DATA EXTRACT >>
>>>
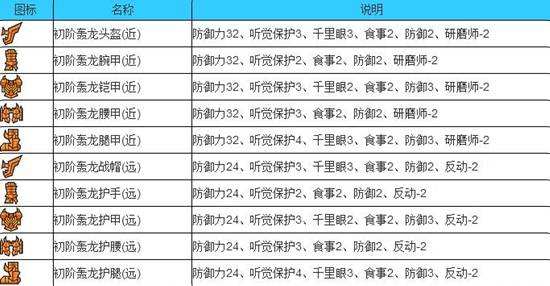 怪物猎人OL轰龙数据 肉质表弱点掉落表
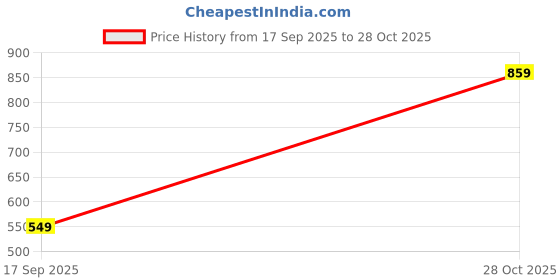 amazon.in KI CP Brass Tank Nipple/Connector 1 Inch (25 MM) Male Ends - Pack of 2 ki Price History Graph from 17 Sep 2025 to 28 Oct 2025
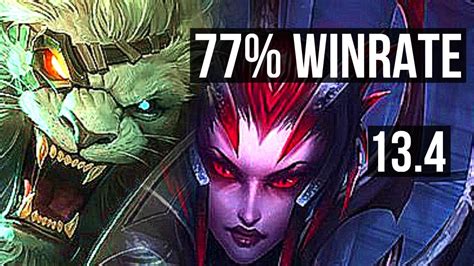 Rengar Vs Elise Jng 77 Winrate 8 0 1 Legendary Rank 10 Rengar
<<<
ACTIVITY >> With the pictures removed, copy the data above word for word.

OUTPUT FOR THIS EXERCISE >>
 怪物猎人OL轰龙数据 肉质表弱点掉落表
 amazon.in KI CP Brass Tank Nipple/Connector 1 Inch (25 MM) Male Ends - Pack of 2 ki Price History Graph from 17 Sep 2025 to 28 Oct 2025
 Rengar Vs Elise Jng 77 Winrate 8 0 1 Legendary Rank 10 Rengar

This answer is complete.